Last week Miles pooped while having a bath with me and the pig. I’m not sure what was more depressing - finding myself suddenly in a poop-infested tub, or realising that I didn’t actually care that much. Come parenthood, “It’s only vomit” is a necessary attitude to survival; “It’s only urine” is passable; but when you get to the stage of thinking “It’s only poop”, you have crossed some sort of line. You will probably never wear mascara again.

Also, I have two questions.

1. If you were a ten-year-old child, would you rather lose both legs and your sense of smell, or both parents? I asked an impromptu* panel that, and the results were.. interesting.

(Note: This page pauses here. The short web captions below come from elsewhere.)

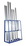 Vestil EVR-59-S expand vertical bar rack start 59 in h, Price/EACH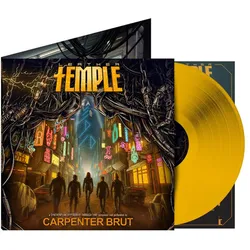 Виниловая пластинка Carpenter Brut — Leather Temple (Yellow Vinyl)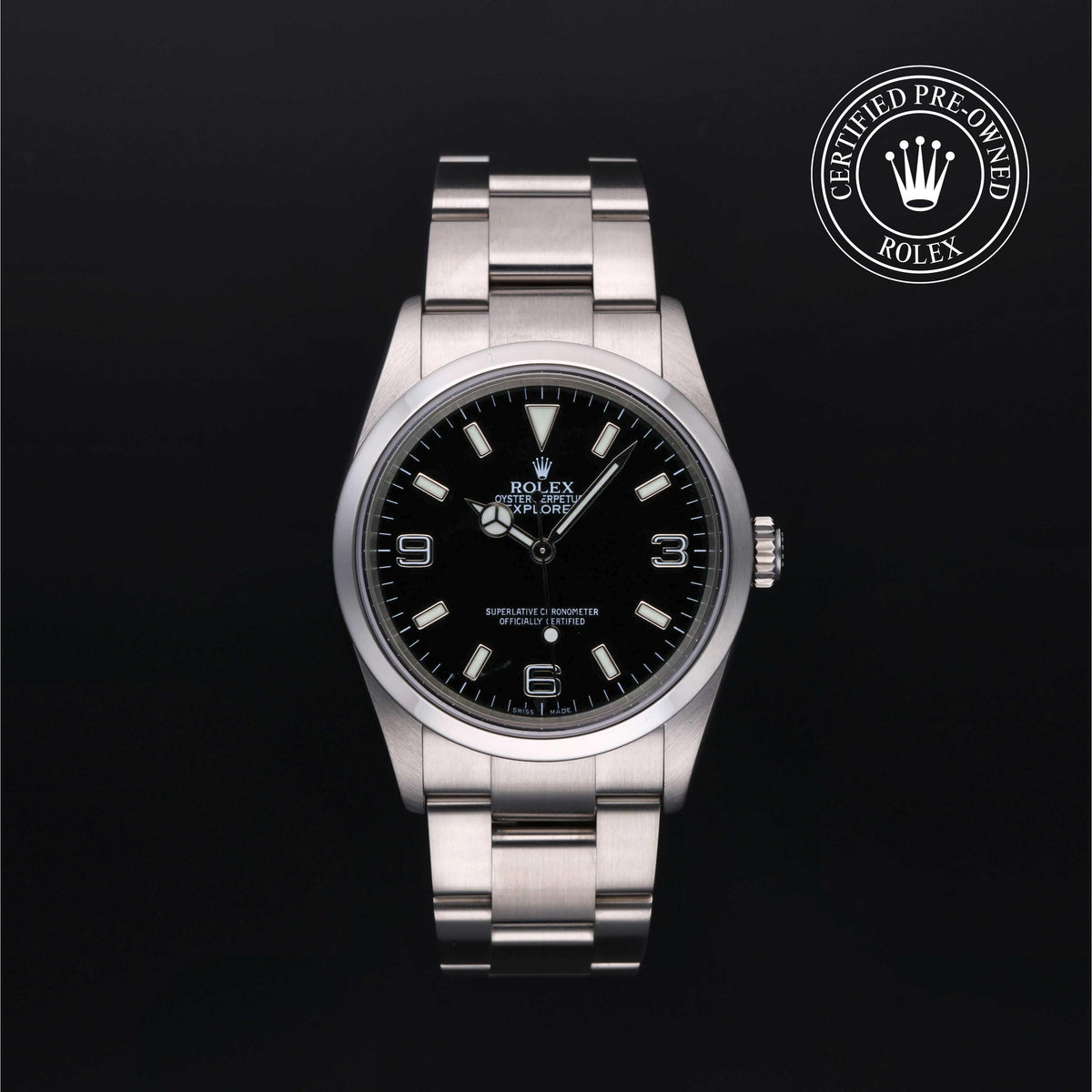 Rolex Certified Pre-Owned Oyster Perpetual Explorer 36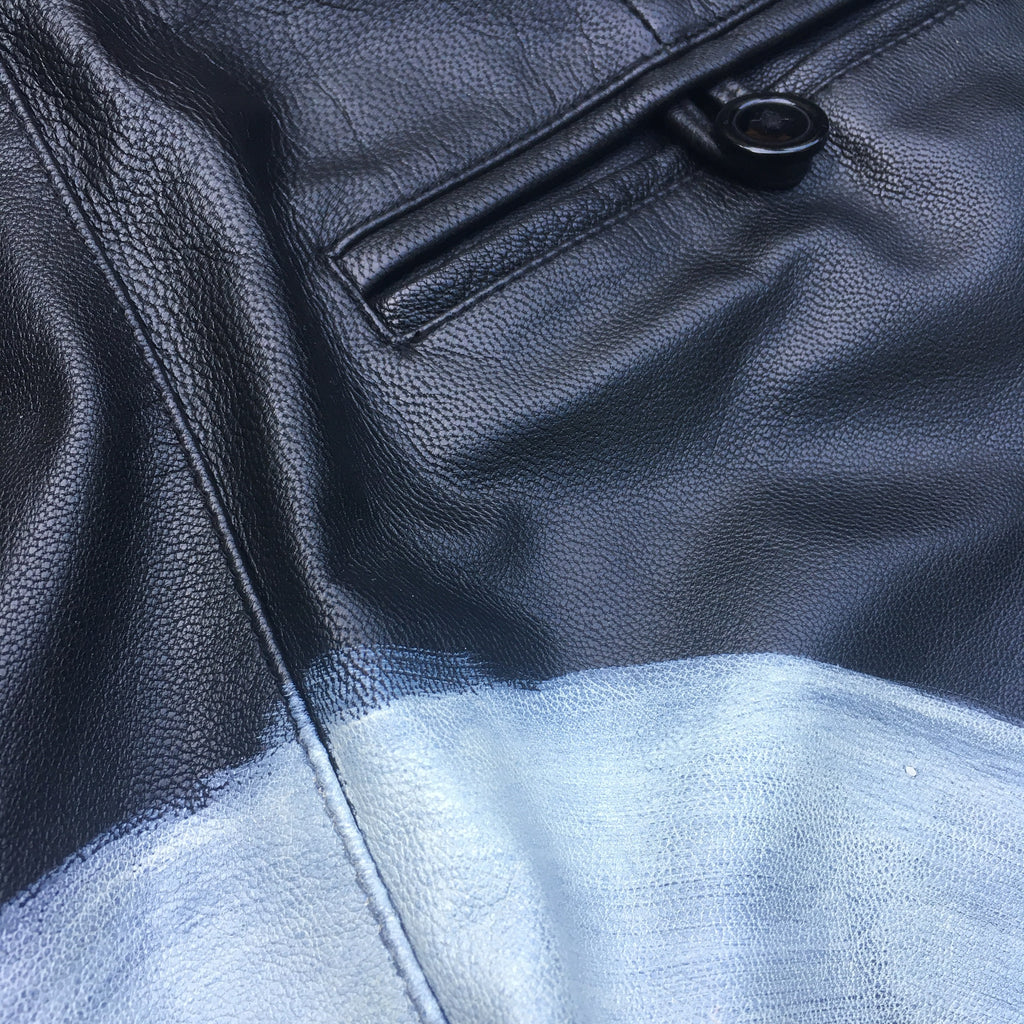 Musca leather trousers
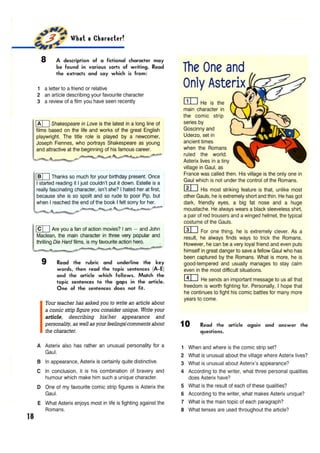 Reading and Writing Student's book 3 edition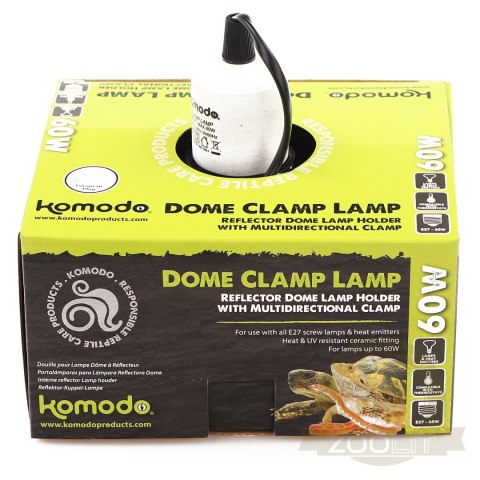 Komodo Clamp Lamp - kompletna lampa max. 60W Komodo Clamp Lamp - kompletna lampa max. 60W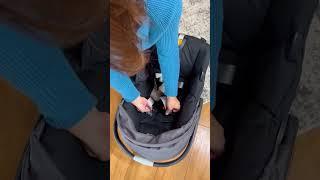 How to adjust your Chicco KeyFit 30 harness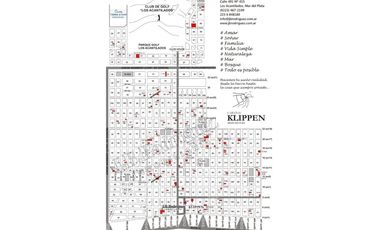 ULTIMOS TERRENOS EN LOS ACANTILADOS Y ZONA SUR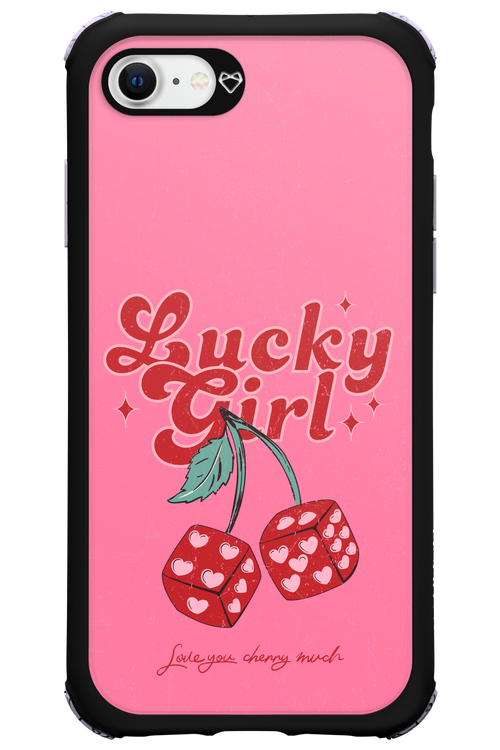 Lucky Girl - Apple iPhone 8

2. Would you willingly die that all the fish might live?

*Reluctant is probably a better word.

This entry was posted on Thursday, September 1st, 2011 at 1:23 pm and is filed under havers. You can follow any responses to this entry through the RSS 2.0 feed. You can leave a response, or trackback from your own site.

4 Responses to “Poop”

rbjaneite Says:

Gracious, #1 is rather interesting. Considering Mother reads the comments here, I shall go with option a. I possibly would anyhow, but it is a difficult one.

#2 - no.

smokering Says:

No? But think what would happen to the ecosystem if all the fishies died. Not to mention the sushi industry.

Betty Scandretti Says:

Option a, absolutely. I had a horrible recurring nightmare about losing both my parents, and one sibling, as a child. It was you. Horrible. I didn’t like it.

I spose I might die for all the fishes, if someone could make a jolly good case; especially if I were a legless ten-year-old with no sense of smell.

smokering Says:

Pfft. I killed practically all of you in a dream once; with a gladius. The Romans made me. It was fairly nasty, though.